On Dec 17, 2018, at 1:52 PM, Noel Chiappa via cctalk
<cctalk at classiccmp.org> wrote:
From: Paul Koning
For that matter, core memory details such as
destructive read weren't
visible to the CPU
Umm, not quite. If you'd said 'core memory details such as destructive read
weren't visible to the _program_', you'd have been 100% correct.
But as I suspect you know, just overlooked, most (all?) of the -11 CPU's do
use 'read-modify-write' cycles on the bus (DATIP in UNIBUS terms, DATIO in
QBUS) where possible precisely for the benefit of core memory with its
destructive readout. (And there's some hair for interlocking the multiple
CPU's on the -11/74 which I don't recall off the top of my head.)
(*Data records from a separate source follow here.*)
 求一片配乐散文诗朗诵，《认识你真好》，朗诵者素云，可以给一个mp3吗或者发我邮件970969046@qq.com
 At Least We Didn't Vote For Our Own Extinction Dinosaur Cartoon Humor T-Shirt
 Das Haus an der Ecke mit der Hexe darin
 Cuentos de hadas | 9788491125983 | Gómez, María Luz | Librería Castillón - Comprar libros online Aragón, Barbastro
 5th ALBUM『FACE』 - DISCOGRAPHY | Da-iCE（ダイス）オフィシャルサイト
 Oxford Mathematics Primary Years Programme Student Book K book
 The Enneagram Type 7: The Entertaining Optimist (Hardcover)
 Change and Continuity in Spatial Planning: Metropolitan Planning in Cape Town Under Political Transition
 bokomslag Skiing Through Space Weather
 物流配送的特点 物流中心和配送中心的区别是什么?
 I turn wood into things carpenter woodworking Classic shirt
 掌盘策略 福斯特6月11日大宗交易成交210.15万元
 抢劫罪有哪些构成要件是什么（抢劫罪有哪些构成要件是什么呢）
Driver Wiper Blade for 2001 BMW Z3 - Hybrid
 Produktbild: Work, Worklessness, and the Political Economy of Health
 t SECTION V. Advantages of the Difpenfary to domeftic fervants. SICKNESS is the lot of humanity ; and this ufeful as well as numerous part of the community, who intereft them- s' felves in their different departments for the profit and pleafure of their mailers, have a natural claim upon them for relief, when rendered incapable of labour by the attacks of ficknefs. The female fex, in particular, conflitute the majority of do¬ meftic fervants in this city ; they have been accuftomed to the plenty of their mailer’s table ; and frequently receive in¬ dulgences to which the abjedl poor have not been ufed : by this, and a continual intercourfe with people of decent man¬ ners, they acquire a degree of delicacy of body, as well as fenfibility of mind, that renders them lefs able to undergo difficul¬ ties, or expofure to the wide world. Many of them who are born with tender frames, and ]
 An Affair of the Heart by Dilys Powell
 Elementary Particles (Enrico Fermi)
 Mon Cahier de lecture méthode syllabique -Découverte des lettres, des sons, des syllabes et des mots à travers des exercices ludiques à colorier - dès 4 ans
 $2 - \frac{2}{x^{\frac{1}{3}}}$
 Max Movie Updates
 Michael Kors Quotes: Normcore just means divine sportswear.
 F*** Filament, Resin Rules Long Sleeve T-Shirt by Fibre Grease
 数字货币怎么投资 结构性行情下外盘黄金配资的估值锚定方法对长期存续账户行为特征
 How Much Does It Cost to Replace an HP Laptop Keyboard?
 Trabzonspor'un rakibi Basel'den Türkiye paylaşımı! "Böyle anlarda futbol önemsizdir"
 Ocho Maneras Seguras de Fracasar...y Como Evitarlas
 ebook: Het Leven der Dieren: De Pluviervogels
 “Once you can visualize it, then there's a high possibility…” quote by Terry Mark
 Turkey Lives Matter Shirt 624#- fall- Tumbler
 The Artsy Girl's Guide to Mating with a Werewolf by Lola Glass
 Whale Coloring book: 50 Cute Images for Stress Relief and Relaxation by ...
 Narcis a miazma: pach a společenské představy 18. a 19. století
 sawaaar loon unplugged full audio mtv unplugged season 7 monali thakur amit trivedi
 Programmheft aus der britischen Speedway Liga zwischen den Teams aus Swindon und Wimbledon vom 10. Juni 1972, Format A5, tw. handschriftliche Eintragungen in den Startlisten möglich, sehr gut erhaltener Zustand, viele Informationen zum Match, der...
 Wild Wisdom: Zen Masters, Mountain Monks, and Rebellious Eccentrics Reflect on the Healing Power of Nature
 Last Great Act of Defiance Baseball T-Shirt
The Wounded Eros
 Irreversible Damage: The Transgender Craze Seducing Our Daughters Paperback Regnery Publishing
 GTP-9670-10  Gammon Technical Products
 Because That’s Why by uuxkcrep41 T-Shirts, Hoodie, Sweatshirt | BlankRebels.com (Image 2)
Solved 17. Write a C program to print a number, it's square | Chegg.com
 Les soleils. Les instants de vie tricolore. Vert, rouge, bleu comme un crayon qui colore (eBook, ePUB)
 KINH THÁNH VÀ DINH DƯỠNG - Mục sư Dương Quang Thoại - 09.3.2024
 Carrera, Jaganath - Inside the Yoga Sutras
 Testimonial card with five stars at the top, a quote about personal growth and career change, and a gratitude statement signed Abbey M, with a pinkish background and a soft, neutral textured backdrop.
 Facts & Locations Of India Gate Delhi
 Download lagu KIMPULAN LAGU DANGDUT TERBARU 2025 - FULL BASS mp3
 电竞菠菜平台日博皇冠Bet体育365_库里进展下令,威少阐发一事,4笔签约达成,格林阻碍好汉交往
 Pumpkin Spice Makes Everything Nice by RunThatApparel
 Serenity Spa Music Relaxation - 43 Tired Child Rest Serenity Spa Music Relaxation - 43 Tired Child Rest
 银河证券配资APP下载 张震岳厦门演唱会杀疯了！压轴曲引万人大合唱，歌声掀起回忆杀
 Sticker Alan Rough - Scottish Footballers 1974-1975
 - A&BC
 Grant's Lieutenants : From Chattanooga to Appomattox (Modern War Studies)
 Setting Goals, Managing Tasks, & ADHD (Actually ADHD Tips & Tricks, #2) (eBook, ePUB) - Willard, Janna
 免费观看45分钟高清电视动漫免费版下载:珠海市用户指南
No, that doesn't invalidate what I said. DATAIP/DATAO on the Unibus doesn't
depend on the destructive read property. It works just fine with DEC semiconductor
memory. It is perfectly valid to implement DATAIP as if it were DATAI, so that
transaction simply becomes a read followed by a write.
The reason it existed is that it allows core memory to optimize the timing, by running a
"half cycle", omitting the restore part. But the DATAO supplies the new content
of the word, and so long as the memory does that write you're all set.
If PDP-11s ever did a DATAIP without a DATAO, you'd be able to tell the difference
between core and semiconductor memory by reading the location afterwards and looking for
non-zero. But conforming Unibus masters don't do that.